Simple generic thresholds derived in previous studies were more likely to cause uncertainty which might fail to identify the risk of Cd accumulation in crops [13,19]. Recently, a probabilistic method based on the SPT model assessed the impact of model uncertainty, calculating the soil thresholds with different probabilities (protective levels) by introducing prediction intervals [26,27,28]. In addition, another probabilistic method is species sensitivity distribution (SSD), which is widely used in deriving SQS and risk assessments [9,29]. The distribution-based approach utilizes species sensitivities, soil types, properties, and pollution sources, with relatively low uncertainty to estimate soil thresholds [29]. Furthermore, SSD for agricultural product safety is modeled based on the bioconcentration factor (BCF) of the soil–crop paired sites rather than the ecotoxicological data of the species. This approach back-calculates the soil thresholds from the FQS with different protective levels [30].

The current study conducted criteria-designed field surveys of soil–rice grain paired samples. The physical and chemical properties of the samples along with the Cd concentrations were assessed. The specific objectives of our research are: (1) to characterize Cd transfer to rice grain and qualify the main influencing factors; (2) to develop reliable SPT and SSD models that would derive soil probabilistic criteria for Cd; (3) to validate the soil criteria concerning rice safety for Cd accumulation.

2. Materials and Methods

2.1. Study Sites and Sampling

The study covers China’s major rice-producing areas, including ten provinces (Anhui, Fujian, Guangdong, Guangxi, Hubei, Hunan, Jiangsu, Jiangxi, Liaoning, and Zhejiang).

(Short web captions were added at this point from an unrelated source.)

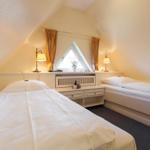 Two beds under sloped ceiling with window and nightstand.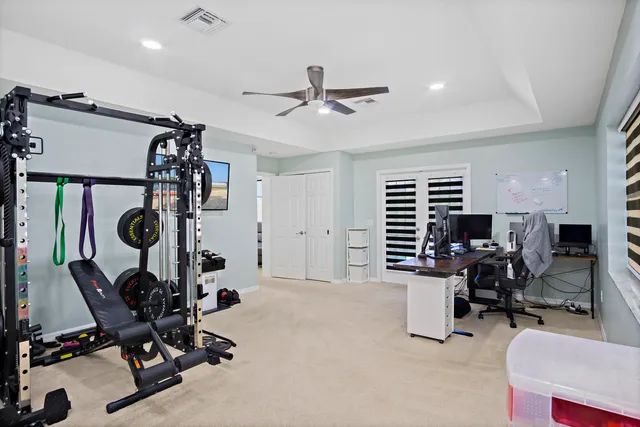 a view of a room with gym equipment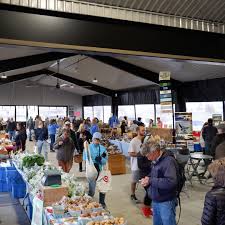 Farmers market scene showing direct sales interaction between producer and customer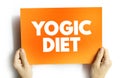 Yogic diet text quote on card, concept background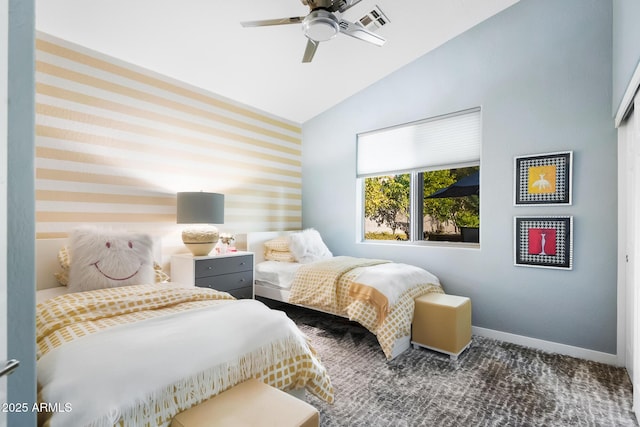 bedroom with dark colored carpet, lofted ceiling, and ceiling fan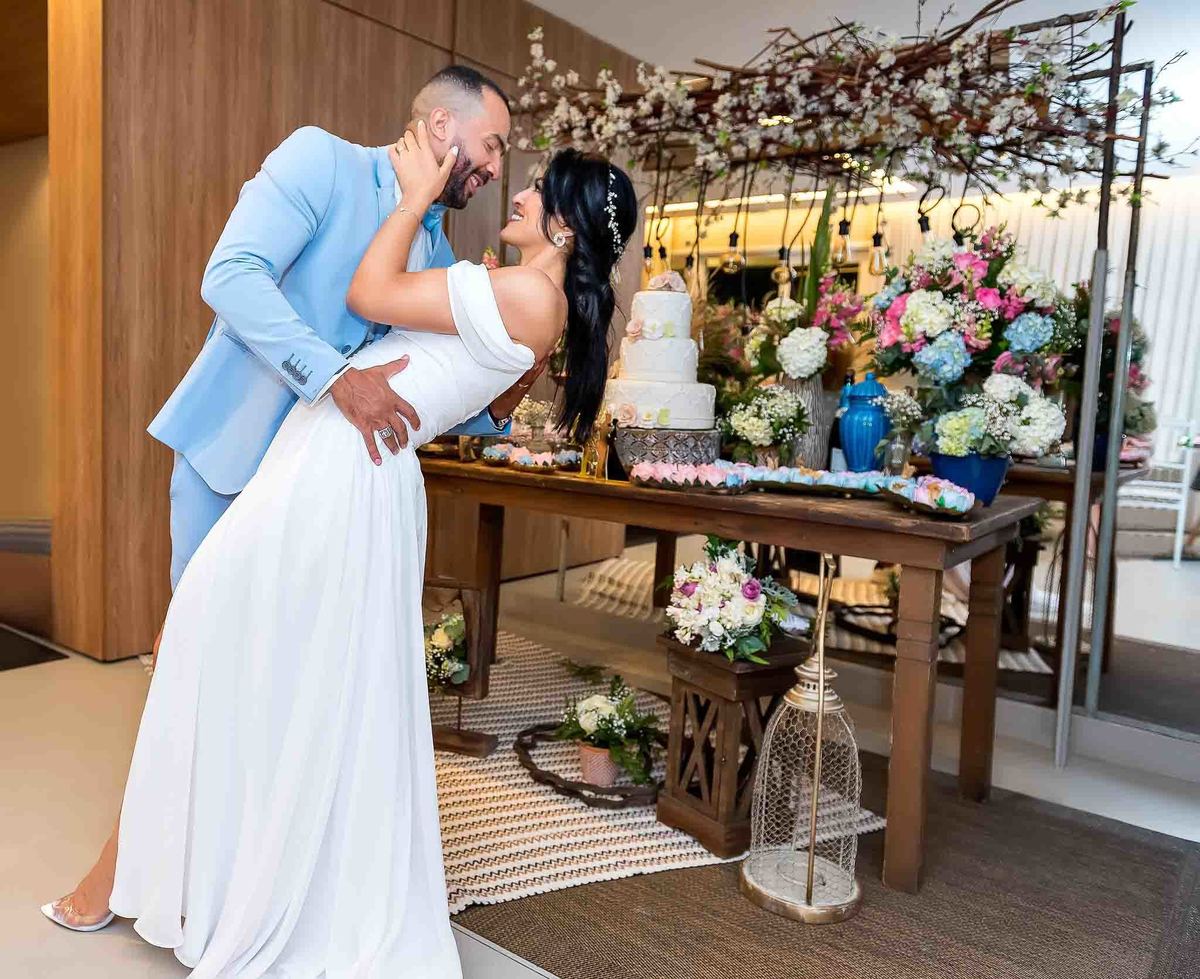 Cerimônia do casamento com a Débora e o Felipe se olhando com o vestido todo arrumado mostrando a mesa decorada do bolo casamento no Brás, São Paulo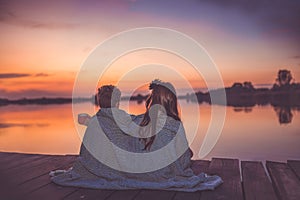 Two cute little friends, boy and girl talking and drinking tea while sitting covered with blanket by the lake during beautiful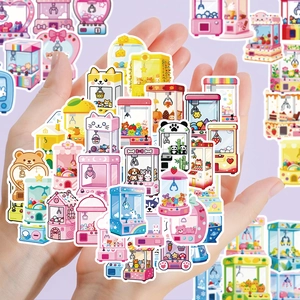 Detailed view of cute claw machine theme macaron stickers for scrapbooking decor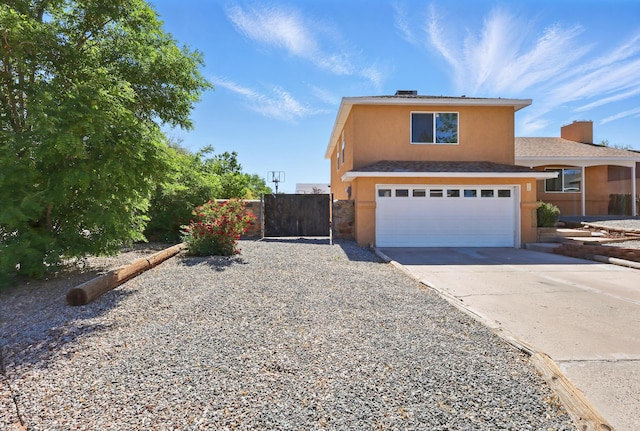 16 Apache Plume Rd, Los Lunas, NM 87031 - view of front of house with stucco siding, a garage, concrete driveway, and a gate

The sampling sites were designed to collect the paired samples with wide Cd concentration ranges, soil types, rice cultivars and physicochemical properties based on the distance (10–1000 m) from the pollution sources (such as metal mining sites, industrial sites, and other contaminated areas) (Figure 1).

Figure 1

Spatial distribution of soil–rice grain sampling sites in China.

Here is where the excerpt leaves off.